- Your instructions
What follows is a block of records; restate each one word for word.

(Saved data entries)
'''
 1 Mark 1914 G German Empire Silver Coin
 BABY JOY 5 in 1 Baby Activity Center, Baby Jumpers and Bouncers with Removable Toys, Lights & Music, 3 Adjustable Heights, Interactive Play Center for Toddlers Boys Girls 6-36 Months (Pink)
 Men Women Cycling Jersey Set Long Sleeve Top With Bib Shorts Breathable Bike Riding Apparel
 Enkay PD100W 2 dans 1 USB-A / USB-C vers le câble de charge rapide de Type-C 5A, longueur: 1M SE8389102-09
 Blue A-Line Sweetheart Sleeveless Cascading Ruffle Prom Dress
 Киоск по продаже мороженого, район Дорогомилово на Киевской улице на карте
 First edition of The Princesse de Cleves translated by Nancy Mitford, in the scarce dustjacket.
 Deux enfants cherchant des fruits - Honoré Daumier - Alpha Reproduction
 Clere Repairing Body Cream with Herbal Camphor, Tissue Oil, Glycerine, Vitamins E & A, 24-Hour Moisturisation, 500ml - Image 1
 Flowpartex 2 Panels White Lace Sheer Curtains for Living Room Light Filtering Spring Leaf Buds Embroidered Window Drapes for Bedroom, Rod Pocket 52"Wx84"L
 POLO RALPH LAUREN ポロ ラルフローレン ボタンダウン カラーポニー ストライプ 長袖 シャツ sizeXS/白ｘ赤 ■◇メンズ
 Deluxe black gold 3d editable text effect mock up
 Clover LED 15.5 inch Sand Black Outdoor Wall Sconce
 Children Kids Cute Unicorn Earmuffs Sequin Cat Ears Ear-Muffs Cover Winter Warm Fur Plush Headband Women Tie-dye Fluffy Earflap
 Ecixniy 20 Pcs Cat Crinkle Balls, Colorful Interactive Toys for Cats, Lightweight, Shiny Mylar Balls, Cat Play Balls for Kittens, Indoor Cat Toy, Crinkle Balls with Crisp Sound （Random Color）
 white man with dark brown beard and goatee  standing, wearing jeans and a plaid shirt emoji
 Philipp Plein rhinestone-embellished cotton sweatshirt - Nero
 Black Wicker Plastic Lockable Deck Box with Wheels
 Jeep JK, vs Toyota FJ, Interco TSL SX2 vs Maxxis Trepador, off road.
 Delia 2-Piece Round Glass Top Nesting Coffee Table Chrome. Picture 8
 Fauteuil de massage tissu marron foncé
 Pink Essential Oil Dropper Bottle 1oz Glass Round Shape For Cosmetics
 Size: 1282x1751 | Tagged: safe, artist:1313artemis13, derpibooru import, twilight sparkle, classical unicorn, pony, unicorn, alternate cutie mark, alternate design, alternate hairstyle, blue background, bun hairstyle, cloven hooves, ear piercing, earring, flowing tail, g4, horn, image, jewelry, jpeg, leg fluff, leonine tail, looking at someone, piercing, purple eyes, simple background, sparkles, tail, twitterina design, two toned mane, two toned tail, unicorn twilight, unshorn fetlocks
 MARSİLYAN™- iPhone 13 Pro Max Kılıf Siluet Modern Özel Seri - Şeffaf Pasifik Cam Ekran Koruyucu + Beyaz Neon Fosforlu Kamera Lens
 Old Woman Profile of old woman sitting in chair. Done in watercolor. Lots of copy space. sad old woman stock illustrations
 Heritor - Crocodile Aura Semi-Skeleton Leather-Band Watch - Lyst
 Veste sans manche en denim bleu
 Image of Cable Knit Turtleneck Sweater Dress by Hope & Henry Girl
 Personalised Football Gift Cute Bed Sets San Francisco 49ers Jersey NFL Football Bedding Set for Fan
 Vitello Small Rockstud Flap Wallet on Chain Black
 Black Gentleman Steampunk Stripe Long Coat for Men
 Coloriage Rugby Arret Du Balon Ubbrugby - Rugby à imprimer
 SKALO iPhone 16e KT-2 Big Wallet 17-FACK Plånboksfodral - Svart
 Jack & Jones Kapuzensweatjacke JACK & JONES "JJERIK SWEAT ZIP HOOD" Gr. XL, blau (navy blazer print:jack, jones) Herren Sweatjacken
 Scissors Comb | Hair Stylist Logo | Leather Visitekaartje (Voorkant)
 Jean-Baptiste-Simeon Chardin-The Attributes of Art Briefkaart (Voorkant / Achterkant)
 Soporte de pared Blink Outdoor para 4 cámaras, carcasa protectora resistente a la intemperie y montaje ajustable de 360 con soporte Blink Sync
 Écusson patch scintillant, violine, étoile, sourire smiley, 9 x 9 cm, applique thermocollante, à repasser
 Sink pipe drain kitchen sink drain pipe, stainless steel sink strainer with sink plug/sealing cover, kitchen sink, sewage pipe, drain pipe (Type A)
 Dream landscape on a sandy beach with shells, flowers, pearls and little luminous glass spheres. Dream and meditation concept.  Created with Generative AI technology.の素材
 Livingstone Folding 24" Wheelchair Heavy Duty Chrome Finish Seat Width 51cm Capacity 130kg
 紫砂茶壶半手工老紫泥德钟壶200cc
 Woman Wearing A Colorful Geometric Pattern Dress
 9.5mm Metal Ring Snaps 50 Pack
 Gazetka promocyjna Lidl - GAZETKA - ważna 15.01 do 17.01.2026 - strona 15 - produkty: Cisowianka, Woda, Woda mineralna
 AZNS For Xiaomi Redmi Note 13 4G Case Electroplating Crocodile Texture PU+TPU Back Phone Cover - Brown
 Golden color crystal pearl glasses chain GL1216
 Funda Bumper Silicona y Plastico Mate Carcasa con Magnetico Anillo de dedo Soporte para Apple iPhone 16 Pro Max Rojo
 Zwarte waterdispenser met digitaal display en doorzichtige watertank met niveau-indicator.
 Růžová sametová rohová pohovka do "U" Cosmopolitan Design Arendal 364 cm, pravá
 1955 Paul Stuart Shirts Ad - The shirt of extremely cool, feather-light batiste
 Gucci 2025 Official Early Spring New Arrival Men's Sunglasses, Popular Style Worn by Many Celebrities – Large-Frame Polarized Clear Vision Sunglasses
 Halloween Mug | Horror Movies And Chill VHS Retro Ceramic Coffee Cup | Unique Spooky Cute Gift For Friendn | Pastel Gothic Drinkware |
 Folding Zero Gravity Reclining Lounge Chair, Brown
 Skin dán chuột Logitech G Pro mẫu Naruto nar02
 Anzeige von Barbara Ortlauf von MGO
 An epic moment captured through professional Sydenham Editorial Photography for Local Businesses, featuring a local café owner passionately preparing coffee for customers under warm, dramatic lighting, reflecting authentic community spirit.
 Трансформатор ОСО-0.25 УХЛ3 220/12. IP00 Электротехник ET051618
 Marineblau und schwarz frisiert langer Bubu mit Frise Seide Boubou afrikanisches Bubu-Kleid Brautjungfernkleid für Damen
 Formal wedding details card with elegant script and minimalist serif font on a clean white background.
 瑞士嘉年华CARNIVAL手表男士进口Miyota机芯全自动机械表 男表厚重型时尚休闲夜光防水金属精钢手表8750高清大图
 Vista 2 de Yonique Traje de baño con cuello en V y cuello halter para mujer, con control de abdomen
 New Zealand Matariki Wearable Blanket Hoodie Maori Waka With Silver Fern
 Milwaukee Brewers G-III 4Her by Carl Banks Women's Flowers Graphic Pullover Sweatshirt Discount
'''
- Reply to the task
 1 Mark 1914 G German Empire Silver Coin
 BABY JOY 5 in 1 Baby Activity Center, Baby Jumpers and Bouncers with Removable Toys, Lights & Music, 3 Adjustable Heights, Interactive Play Center for Toddlers Boys Girls 6-36 Months (Pink)
 Men Women Cycling Jersey Set Long Sleeve Top With Bib Shorts Breathable Bike Riding Apparel
 Enkay PD100W 2 dans 1 USB-A / USB-C vers le câble de charge rapide de Type-C 5A, longueur: 1M SE8389102-09
 Blue A-Line Sweetheart Sleeveless Cascading Ruffle Prom Dress
 Киоск по продаже мороженого, район Дорогомилово на Киевской улице на карте
 First edition of The Princesse de Cleves translated by Nancy Mitford, in the scarce dustjacket.
 Deux enfants cherchant des fruits - Honoré Daumier - Alpha Reproduction
 Clere Repairing Body Cream with Herbal Camphor, Tissue Oil, Glycerine, Vitamins E & A, 24-Hour Moisturisation, 500ml - Image 1
 Flowpartex 2 Panels White Lace Sheer Curtains for Living Room Light Filtering Spring Leaf Buds Embroidered Window Drapes for Bedroom, Rod Pocket 52"Wx84"L
 POLO RALPH LAUREN ポロ ラルフローレン ボタンダウン カラーポニー ストライプ 長袖 シャツ sizeXS/白ｘ赤 ■◇メンズ
 Deluxe black gold 3d editable text effect mock up
 Clover LED 15.5 inch Sand Black Outdoor Wall Sconce
 Children Kids Cute Unicorn Earmuffs Sequin Cat Ears Ear-Muffs Cover Winter Warm Fur Plush Headband Women Tie-dye Fluffy Earflap
 Ecixniy 20 Pcs Cat Crinkle Balls, Colorful Interactive Toys for Cats, Lightweight, Shiny Mylar Balls, Cat Play Balls for Kittens, Indoor Cat Toy, Crinkle Balls with Crisp Sound （Random Color）
 white man with dark brown beard and goatee  standing, wearing jeans and a plaid shirt emoji
 Philipp Plein rhinestone-embellished cotton sweatshirt - Nero
 Black Wicker Plastic Lockable Deck Box with Wheels
 Jeep JK, vs Toyota FJ, Interco TSL SX2 vs Maxxis Trepador, off road.
 Delia 2-Piece Round Glass Top Nesting Coffee Table Chrome. Picture 8
 Fauteuil de massage tissu marron foncé
 Pink Essential Oil Dropper Bottle 1oz Glass Round Shape For Cosmetics
 Size: 1282x1751 | Tagged: safe, artist:1313artemis13, derpibooru import, twilight sparkle, classical unicorn, pony, unicorn, alternate cutie mark, alternate design, alternate hairstyle, blue background, bun hairstyle, cloven hooves, ear piercing, earring, flowing tail, g4, horn, image, jewelry, jpeg, leg fluff, leonine tail, looking at someone, piercing, purple eyes, simple background, sparkles, tail, twitterina design, two toned mane, two toned tail, unicorn twilight, unshorn fetlocks
 MARSİLYAN™- iPhone 13 Pro Max Kılıf Siluet Modern Özel Seri - Şeffaf Pasifik Cam Ekran Koruyucu + Beyaz Neon Fosforlu Kamera Lens
 Old Woman Profile of old woman sitting in chair. Done in watercolor. Lots of copy space. sad old woman stock illustrations
 Heritor - Crocodile Aura Semi-Skeleton Leather-Band Watch - Lyst
 Veste sans manche en denim bleu
 Image of Cable Knit Turtleneck Sweater Dress by Hope & Henry Girl
 Personalised Football Gift Cute Bed Sets San Francisco 49ers Jersey NFL Football Bedding Set for Fan
 Vitello Small Rockstud Flap Wallet on Chain Black
 Black Gentleman Steampunk Stripe Long Coat for Men
 Coloriage Rugby Arret Du Balon Ubbrugby - Rugby à imprimer
 SKALO iPhone 16e KT-2 Big Wallet 17-FACK Plånboksfodral - Svart
 Jack & Jones Kapuzensweatjacke JACK & JONES "JJERIK SWEAT ZIP HOOD" Gr. XL, blau (navy blazer print:jack, jones) Herren Sweatjacken
 Scissors Comb | Hair Stylist Logo | Leather Visitekaartje (Voorkant)
 Jean-Baptiste-Simeon Chardin-The Attributes of Art Briefkaart (Voorkant / Achterkant)
 Soporte de pared Blink Outdoor para 4 cámaras, carcasa protectora resistente a la intemperie y montaje ajustable de 360 con soporte Blink Sync
 Écusson patch scintillant, violine, étoile, sourire smiley, 9 x 9 cm, applique thermocollante, à repasser
 Sink pipe drain kitchen sink drain pipe, stainless steel sink strainer with sink plug/sealing cover, kitchen sink, sewage pipe, drain pipe (Type A)
 Dream landscape on a sandy beach with shells, flowers, pearls and little luminous glass spheres. Dream and meditation concept.  Created with Generative AI technology.の素材
 Livingstone Folding 24" Wheelchair Heavy Duty Chrome Finish Seat Width 51cm Capacity 130kg
 紫砂茶壶半手工老紫泥德钟壶200cc
 Woman Wearing A Colorful Geometric Pattern Dress
 9.5mm Metal Ring Snaps 50 Pack
 Gazetka promocyjna Lidl - GAZETKA - ważna 15.01 do 17.01.2026 - strona 15 - produkty: Cisowianka, Woda, Woda mineralna
 AZNS For Xiaomi Redmi Note 13 4G Case Electroplating Crocodile Texture PU+TPU Back Phone Cover - Brown
 Golden color crystal pearl glasses chain GL1216
 Funda Bumper Silicona y Plastico Mate Carcasa con Magnetico Anillo de dedo Soporte para Apple iPhone 16 Pro Max Rojo
 Zwarte waterdispenser met digitaal display en doorzichtige watertank met niveau-indicator.
 Růžová sametová rohová pohovka do "U" Cosmopolitan Design Arendal 364 cm, pravá
 1955 Paul Stuart Shirts Ad - The shirt of extremely cool, feather-light batiste
 Gucci 2025 Official Early Spring New Arrival Men's Sunglasses, Popular Style Worn by Many Celebrities – Large-Frame Polarized Clear Vision Sunglasses
 Halloween Mug | Horror Movies And Chill VHS Retro Ceramic Coffee Cup | Unique Spooky Cute Gift For Friendn | Pastel Gothic Drinkware |
 Folding Zero Gravity Reclining Lounge Chair, Brown
 Skin dán chuột Logitech G Pro mẫu Naruto nar02
 Anzeige von Barbara Ortlauf von MGO
 An epic moment captured through professional Sydenham Editorial Photography for Local Businesses, featuring a local café owner passionately preparing coffee for customers under warm, dramatic lighting, reflecting authentic community spirit.
 Трансформатор ОСО-0.25 УХЛ3 220/12. IP00 Электротехник ET051618
 Marineblau und schwarz frisiert langer Bubu mit Frise Seide Boubou afrikanisches Bubu-Kleid Brautjungfernkleid für Damen
 Formal wedding details card with elegant script and minimalist serif font on a clean white background.
 瑞士嘉年华CARNIVAL手表男士进口Miyota机芯全自动机械表 男表厚重型时尚休闲夜光防水金属精钢手表8750高清大图
 Vista 2 de Yonique Traje de baño con cuello en V y cuello halter para mujer, con control de abdomen
 New Zealand Matariki Wearable Blanket Hoodie Maori Waka With Silver Fern
 Milwaukee Brewers G-III 4Her by Carl Banks Women's Flowers Graphic Pullover Sweatshirt Discount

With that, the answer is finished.